The inequities of the cash bail system are something Orange County officials have long understood.
The county is one of dozens across the state that support pretrial services — a jail alternative system that identifies poor people who are low risks for violence and likely to show up for their court dates and allows them to be released on very low or no bail.
But for more than a decade, the county wasn’t fully committed.
“For fifteen years we had a system that wasn’t part of the county, it was through an outside agency,” said Caitlin Fenhagen, Criminal Justice Resource Director. “It was difficult getting the funding every year.”

The county saw the problem: A county jail filled to capacity, housing people at a cost to taxpayers of $110 a day. The prospect of needing to build a new jail to hold even more people at greater cost.
But it wasn’t really committing the resources necessary to treat the disease rather than the symptoms.
“They didn’t want to build a new jail,” Fenhagen said. “They knew that if you build it larger, you fill it.”
So instead Orange County got serious about reforming its system.
In 2015 it created the Criminal Justice Resource Department.
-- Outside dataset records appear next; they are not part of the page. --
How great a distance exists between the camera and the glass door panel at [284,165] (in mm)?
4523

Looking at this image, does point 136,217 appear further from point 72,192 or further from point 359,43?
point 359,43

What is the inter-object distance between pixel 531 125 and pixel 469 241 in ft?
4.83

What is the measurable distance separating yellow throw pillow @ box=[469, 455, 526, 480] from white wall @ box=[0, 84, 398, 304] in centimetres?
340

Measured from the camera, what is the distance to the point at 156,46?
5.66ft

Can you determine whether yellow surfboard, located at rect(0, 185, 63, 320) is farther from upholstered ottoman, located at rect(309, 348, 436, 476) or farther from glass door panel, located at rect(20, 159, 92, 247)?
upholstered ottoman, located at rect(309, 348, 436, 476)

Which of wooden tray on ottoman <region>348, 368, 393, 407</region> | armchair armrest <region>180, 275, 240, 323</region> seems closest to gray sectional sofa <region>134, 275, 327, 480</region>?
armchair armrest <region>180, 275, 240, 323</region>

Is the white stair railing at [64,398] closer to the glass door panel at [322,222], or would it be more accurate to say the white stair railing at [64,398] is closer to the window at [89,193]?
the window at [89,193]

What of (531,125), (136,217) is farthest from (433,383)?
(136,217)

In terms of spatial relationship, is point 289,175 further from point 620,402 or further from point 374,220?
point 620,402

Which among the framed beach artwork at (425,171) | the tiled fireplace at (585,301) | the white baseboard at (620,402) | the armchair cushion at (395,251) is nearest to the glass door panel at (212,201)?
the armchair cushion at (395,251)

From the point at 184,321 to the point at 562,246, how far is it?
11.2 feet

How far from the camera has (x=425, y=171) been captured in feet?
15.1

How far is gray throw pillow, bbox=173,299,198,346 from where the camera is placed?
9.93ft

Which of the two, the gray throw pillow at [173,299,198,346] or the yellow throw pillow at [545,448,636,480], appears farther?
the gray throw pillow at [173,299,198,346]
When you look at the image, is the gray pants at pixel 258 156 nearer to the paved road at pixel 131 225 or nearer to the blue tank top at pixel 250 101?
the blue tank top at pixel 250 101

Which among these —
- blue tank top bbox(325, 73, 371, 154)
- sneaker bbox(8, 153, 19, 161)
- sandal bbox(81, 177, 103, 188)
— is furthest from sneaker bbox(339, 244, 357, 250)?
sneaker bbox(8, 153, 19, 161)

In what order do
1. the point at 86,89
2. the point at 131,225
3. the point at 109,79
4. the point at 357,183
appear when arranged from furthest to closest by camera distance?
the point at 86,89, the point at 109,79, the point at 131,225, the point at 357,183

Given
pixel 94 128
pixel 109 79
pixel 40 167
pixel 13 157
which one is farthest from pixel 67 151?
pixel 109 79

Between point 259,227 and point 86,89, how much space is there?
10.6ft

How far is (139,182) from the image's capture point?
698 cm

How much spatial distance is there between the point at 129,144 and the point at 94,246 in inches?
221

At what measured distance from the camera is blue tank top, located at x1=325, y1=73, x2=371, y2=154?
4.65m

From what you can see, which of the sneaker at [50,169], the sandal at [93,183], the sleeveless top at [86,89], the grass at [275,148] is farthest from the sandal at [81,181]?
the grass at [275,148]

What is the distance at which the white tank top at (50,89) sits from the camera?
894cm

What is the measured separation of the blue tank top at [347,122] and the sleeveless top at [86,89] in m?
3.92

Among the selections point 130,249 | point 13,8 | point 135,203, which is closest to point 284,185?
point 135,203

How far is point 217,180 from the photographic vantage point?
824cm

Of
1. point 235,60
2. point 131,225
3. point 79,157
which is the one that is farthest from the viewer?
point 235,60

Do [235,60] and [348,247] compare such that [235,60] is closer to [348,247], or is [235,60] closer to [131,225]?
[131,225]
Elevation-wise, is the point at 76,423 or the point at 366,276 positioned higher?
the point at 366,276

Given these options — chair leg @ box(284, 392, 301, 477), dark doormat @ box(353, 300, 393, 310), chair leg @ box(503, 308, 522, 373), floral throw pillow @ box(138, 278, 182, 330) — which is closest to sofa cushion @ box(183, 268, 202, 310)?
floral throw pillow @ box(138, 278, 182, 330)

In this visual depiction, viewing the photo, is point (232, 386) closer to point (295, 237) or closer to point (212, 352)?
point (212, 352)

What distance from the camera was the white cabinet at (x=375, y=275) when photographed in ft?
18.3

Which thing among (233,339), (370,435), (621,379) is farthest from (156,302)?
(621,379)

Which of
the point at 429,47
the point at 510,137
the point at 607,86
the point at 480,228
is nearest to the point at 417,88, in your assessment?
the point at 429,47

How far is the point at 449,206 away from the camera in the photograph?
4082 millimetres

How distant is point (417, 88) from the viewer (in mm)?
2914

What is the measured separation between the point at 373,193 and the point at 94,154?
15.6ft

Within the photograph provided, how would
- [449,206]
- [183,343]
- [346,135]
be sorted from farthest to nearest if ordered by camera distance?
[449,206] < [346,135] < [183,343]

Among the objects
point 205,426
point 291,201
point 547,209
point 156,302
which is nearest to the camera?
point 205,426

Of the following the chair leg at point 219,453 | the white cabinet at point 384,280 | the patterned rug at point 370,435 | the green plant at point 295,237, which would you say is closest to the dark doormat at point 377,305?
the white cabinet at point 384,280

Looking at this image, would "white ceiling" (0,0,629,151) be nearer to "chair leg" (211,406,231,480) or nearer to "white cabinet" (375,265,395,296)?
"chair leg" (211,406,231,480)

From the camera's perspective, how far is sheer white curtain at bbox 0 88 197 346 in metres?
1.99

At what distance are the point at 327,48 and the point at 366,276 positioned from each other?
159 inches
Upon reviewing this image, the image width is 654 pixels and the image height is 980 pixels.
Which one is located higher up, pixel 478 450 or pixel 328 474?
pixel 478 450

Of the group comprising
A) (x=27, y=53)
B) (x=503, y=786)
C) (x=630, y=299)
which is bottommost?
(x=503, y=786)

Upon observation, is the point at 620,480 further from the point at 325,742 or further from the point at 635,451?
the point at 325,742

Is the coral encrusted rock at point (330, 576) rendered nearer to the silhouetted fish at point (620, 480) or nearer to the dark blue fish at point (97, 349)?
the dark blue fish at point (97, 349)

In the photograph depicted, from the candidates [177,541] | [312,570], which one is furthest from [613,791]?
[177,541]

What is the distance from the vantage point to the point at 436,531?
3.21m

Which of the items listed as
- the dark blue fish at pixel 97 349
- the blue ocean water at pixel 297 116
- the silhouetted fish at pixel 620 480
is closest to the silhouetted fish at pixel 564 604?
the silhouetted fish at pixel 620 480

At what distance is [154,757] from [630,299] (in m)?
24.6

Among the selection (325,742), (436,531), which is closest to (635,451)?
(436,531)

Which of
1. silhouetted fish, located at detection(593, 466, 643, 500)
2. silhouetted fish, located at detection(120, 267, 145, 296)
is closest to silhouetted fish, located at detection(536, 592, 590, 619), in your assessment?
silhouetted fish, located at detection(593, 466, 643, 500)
It began as a division of the county manager’s office and last year became its own department.
“We had the great fortune of getting county funding and being given the mandate that we want to see Orange County incarcerating fewer people and doing that the right way,” Fenhagen said.
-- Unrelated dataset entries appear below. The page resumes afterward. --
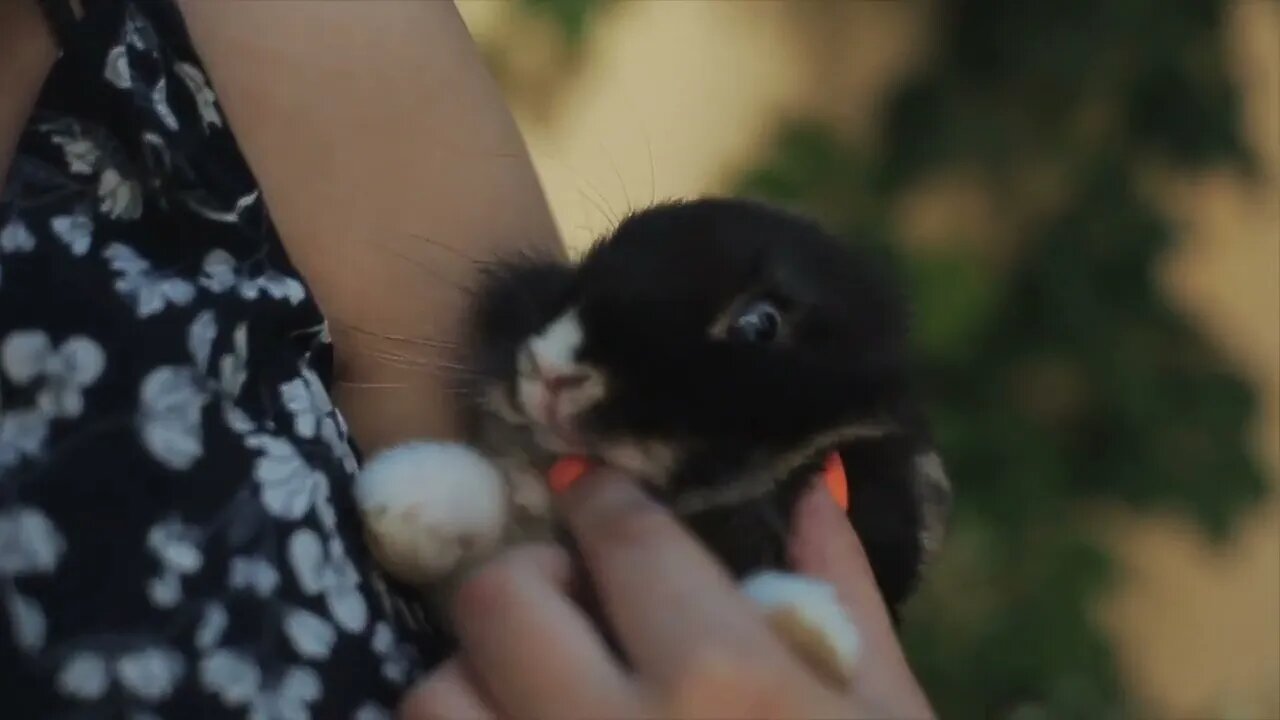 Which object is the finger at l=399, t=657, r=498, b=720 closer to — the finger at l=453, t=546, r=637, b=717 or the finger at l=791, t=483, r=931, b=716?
the finger at l=453, t=546, r=637, b=717

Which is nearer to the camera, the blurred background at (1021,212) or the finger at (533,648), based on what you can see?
the finger at (533,648)

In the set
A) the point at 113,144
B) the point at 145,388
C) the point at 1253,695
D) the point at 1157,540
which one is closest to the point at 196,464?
the point at 145,388

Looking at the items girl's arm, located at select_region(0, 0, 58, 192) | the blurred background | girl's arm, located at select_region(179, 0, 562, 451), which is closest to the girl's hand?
girl's arm, located at select_region(179, 0, 562, 451)

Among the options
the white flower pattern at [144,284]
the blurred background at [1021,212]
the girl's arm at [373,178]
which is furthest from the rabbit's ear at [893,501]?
the blurred background at [1021,212]

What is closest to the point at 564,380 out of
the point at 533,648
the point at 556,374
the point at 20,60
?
the point at 556,374

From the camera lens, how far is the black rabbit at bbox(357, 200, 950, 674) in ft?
1.93

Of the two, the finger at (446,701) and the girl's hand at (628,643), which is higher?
the girl's hand at (628,643)

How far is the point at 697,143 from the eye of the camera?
1582 mm

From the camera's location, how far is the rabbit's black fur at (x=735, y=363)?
23.2 inches

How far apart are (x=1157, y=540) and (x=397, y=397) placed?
1379 millimetres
Bringing together a pretrial release case manager, drug treatment coordinator and criminal case assessment specialist, the department works closely with law enforcement, the district attorney and judges. Its goal: to reduce overall rates of pretrial detention, reduce the numbers of individuals with mental illness in custody, reduce recidivism and address racial and economic disparities in pretrial detention.
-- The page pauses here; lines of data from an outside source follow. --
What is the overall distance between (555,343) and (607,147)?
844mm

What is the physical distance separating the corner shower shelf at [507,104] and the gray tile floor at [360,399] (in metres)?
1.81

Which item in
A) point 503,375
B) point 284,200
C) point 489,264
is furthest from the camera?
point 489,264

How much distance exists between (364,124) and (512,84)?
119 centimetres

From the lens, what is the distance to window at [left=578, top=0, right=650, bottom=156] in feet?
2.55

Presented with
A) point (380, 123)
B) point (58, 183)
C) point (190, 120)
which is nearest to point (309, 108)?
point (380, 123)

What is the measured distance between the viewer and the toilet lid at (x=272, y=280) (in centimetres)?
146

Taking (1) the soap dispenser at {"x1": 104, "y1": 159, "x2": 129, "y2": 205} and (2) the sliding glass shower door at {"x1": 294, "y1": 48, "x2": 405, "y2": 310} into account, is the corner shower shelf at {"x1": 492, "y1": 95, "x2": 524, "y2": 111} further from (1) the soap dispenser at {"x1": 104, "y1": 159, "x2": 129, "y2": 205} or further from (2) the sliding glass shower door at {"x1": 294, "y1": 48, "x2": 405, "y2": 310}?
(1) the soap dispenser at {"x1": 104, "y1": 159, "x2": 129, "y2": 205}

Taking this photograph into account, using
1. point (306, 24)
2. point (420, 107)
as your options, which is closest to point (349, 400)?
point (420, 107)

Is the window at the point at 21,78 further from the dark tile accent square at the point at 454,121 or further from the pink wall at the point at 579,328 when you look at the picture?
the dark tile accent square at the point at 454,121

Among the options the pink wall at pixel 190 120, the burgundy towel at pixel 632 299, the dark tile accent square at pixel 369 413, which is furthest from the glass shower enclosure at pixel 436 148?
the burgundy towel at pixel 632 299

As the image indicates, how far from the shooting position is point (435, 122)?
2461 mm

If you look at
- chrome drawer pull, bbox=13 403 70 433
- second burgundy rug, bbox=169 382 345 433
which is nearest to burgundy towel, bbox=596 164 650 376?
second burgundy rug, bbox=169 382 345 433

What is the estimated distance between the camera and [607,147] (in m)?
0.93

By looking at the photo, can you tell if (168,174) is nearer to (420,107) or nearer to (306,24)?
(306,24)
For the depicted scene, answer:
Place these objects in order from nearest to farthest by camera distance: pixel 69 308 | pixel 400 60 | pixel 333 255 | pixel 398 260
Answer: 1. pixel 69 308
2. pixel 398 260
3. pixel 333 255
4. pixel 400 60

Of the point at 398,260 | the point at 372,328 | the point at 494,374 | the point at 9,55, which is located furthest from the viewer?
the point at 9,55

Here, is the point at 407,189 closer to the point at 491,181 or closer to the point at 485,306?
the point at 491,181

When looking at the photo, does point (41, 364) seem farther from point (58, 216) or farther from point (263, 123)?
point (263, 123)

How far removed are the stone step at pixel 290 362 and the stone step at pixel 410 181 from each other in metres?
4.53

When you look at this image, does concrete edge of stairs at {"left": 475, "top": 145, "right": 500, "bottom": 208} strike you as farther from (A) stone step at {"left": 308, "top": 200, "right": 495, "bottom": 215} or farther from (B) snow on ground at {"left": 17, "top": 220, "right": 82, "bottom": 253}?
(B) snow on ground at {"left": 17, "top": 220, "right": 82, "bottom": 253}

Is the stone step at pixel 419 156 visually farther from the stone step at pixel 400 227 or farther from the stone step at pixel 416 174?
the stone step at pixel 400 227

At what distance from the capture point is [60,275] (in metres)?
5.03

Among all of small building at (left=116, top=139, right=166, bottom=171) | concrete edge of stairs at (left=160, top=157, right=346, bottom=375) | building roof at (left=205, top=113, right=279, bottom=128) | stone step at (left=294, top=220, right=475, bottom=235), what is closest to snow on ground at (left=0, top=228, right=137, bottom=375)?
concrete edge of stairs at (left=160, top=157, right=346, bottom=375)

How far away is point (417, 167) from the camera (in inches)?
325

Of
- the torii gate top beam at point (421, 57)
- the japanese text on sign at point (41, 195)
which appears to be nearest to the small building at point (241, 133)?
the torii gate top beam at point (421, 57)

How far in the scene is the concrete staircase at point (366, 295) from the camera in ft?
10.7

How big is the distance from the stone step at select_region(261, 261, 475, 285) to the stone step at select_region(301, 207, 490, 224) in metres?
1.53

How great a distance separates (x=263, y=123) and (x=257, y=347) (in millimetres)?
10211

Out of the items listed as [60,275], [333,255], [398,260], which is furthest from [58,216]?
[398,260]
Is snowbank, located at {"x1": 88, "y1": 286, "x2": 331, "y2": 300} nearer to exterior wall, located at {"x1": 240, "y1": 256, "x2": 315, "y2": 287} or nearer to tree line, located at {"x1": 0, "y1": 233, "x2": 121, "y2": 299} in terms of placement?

Fenhagen has worked as a public defender in Orange County and a defense attorney with the Capital Defender’s office in Durham. She appreciates how crucial pretrial buy-in is from every part of the criminal justice system.
“Our commissioners support this work and our judicial stakeholders who support this work, our law enforcement — we work very closely with the Sheriff’s office, with every stakeholder at every step along the way,” Fenhagen said. “It’s a great place to do this work for that reason.”

Orange County’s experience is the sort of evolution that can happen in all 100 of North Carolina’s counties, said Orange County Commissioner Renee Price.
Realizing that the existing system is expensive and works poorly is a good first step, she said. But realizing just how unjust it is to the most vulnerable and doing something about that should be the ultimate goal.
“When you look at who goes to court and who is sitting in jail, it’s disproportionately people of color,” said Price. “When you look at the demographics in any city and you look at who is in prison and the income level — we know that if you lack the financial resources, you’re getting different treatment. You’re going to jail. You can’t afford to get out.”
Last month, price brought a resolution to her fellow commissioners unanimously supported the 3DaysCount campaign.
The campaign, organized by the national Pretrial Justice Institute, is raising awareness of the shortcomings of the cash bail system. It highlights the terrible impact even short term incarceration can have on those who remain jailed before their day in court because they cannot afford bail.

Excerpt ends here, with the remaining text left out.